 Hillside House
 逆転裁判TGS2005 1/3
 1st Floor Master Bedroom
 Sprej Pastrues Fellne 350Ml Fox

☆ ☆ ☆ ☆ ☆ ☆ ☆

*Prompt*
Leave out every line before the one containing "逆転裁判TGS2005 1/3"; set down that line and all remaining lines of the material exactly.

*Output for this exercise*
 逆転裁判TGS2005 1/3
 1st Floor Master Bedroom
 Sprej Pastrues Fellne 350Ml Fox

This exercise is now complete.